### Task
For the entries below, copy exactly the line that contains "Reading the question: a" through the line that contains "Now that we've", both ends included, and exclude all pictures.

### Available records
--------------------

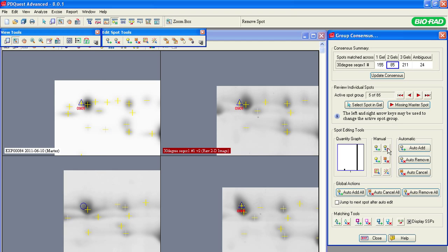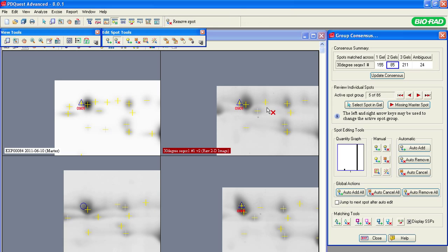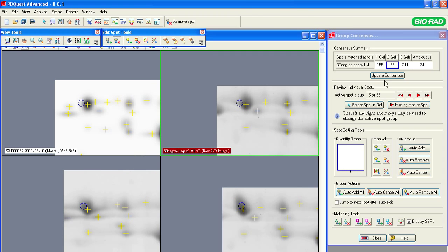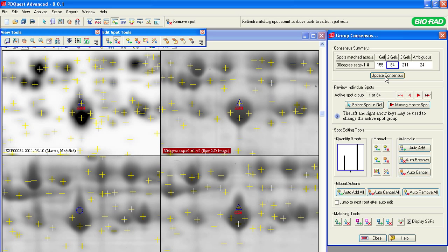Use the manual spot editing buttons to add, remove, or combine spots. For example, here is a spot that should be removed. At any time during spot editing, you can click the Update Consensus button to have the changes you have made take effect and see if the consensus value of the group has improved. Once you have finished your review with the consensus tool, you have cleared the errors in detection and matching of the protein spots and have improved data quality in your experiment.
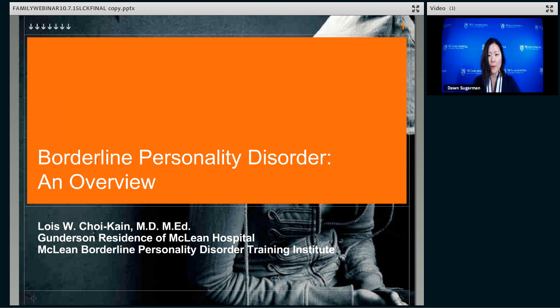Good evening. Thanks for joining us for this first psychoeducational webinar on borderline personality disorder. It's a topic that is really near and dear to my heart, for those of you who either treat BPD as clinicians, or those of you who are family members of people with BPD, or those of you who are patients with BPD. I've written this talk to try to help expand your understanding of the disorder from various vantage points.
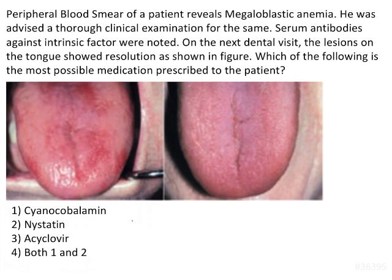Reading the question: a peripheral blood smear of a patient reveals megaloblastic anemia. He was advised to go through clinical examination for the same. Serum antibodies against intrinsic factors were noted. On the next dental visit, the lesions on the tongue showed resolution as shown in the figure. Which of the following is the most probable medication prescribed to the patient?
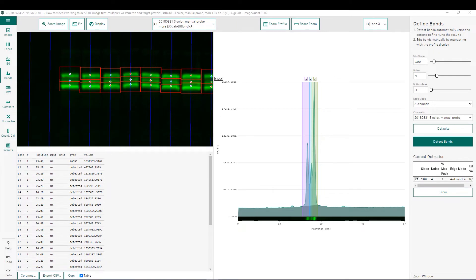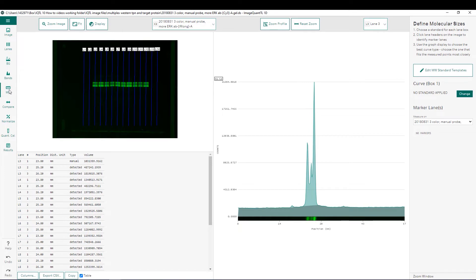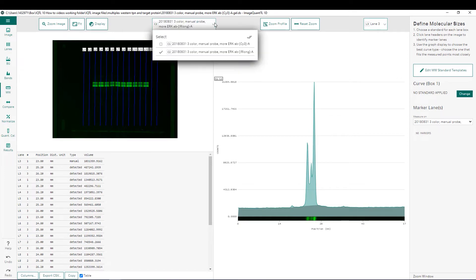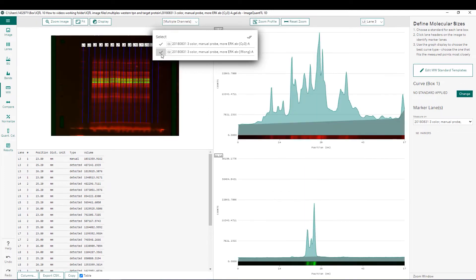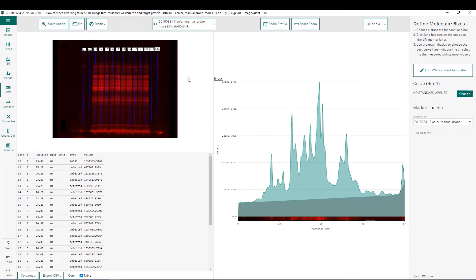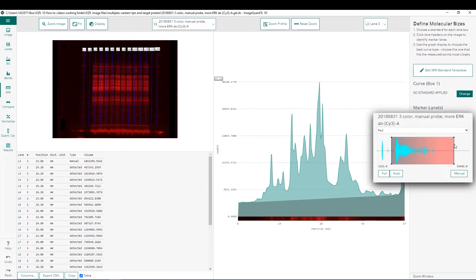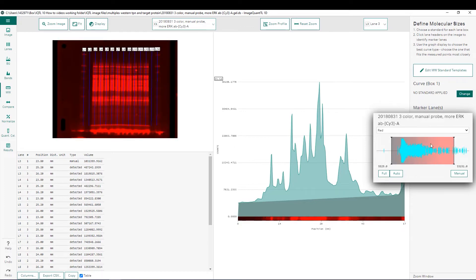Now that we've detected our bands, we can move on to the molecular weight determination step. Here, you want to choose which channel has your molecular weight markers from the pull-down menu — in our case, it's the channel with the total protein normalization. Make sure that same channel is also selected in the pull-down on the far right. Next, I like to adjust the display contrast settings to make sure I can clearly see the molecular weight bands in lane one and lane 14.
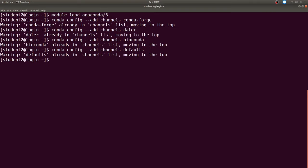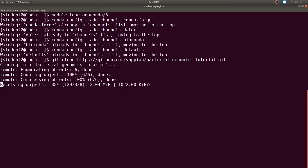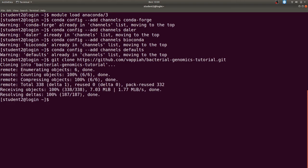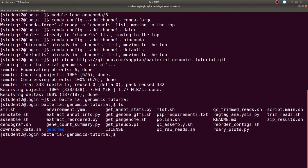Once you've added the channels, you're going to download the pipeline from GitHub. For that you need the git utility to clone the repository — this is where all the scripts I'm going to use are found. The tools I'm going to use have been set up and how you call them are placed in the scripts I'm going to run. You can feel free to open the individual scripts and find out what parameters are used. The cloned directory is called 'bacteria genomics tutorial' and in that directory you have all the scripts.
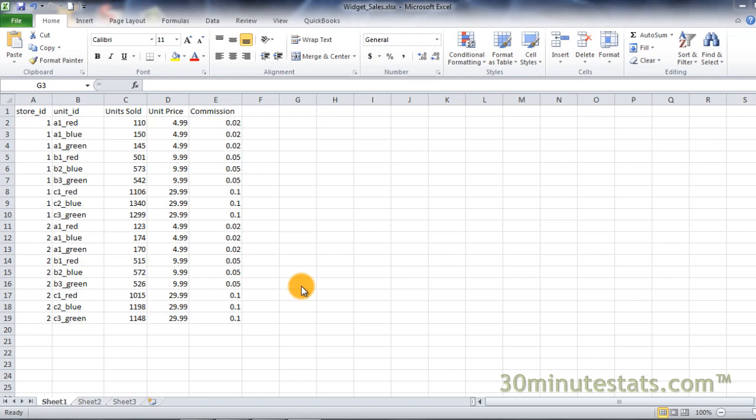Hello! In this video, you will learn how to perform operations on multiple cells at the same time using array formulas.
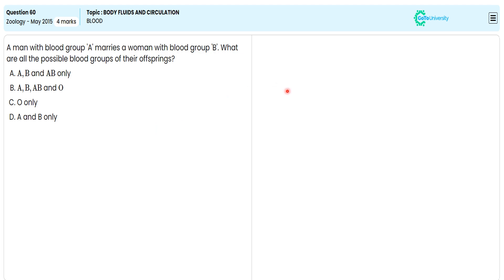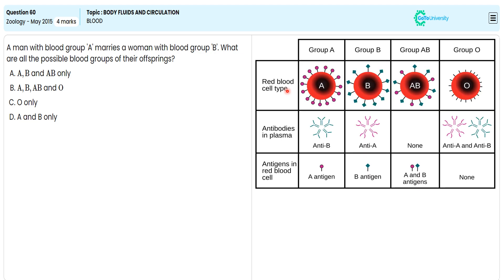In this blood grouping system, antigens and antibodies are specified. In this picture we can see: the A blood group individual has A antigen on the RBC cell surface and B antibody; B blood group individual has B antigen on the RBC cell surface and A antibody in the plasma; AB blood group person has A and B antigens on the RBC cell surface and no antibody in the plasma; O blood group individual has A and B antibodies in the plasma but no antigen on the RBC cell surface.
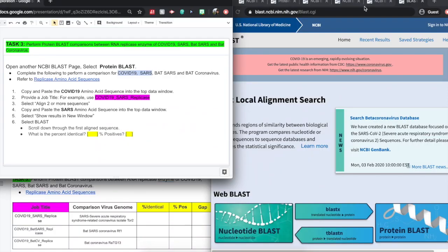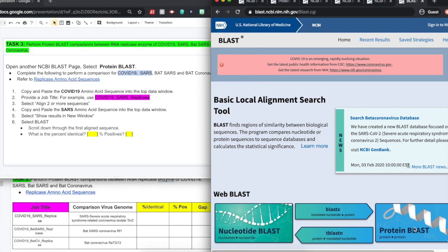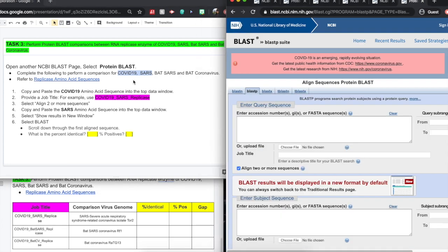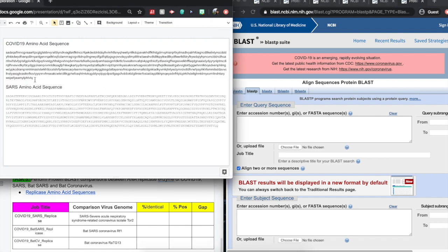For task three, we're going to open up another NCBI page, but this time we're going to select the protein BLAST. We will be performing a protein BLAST comparison between RNA replicase enzyme of COVID-19 against SARS, BAT-SARS, and BAT-Coronavirus.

--------------------

### Result of the task
Reading the question: a peripheral blood smear of a patient reveals megaloblastic anemia. He was advised to go through clinical examination for the same. Serum antibodies against intrinsic factors were noted. On the next dental visit, the lesions on the tongue showed resolution as shown in the figure. Which of the following is the most probable medication prescribed to the patient?
Now that we've detected our bands, we can move on to the molecular weight determination step. Here, you want to choose which channel has your molecular weight markers from the pull-down menu — in our case, it's the channel with the total protein normalization. Make sure that same channel is also selected in the pull-down on the far right. Next, I like to adjust the display contrast settings to make sure I can clearly see the molecular weight bands in lane one and lane 14.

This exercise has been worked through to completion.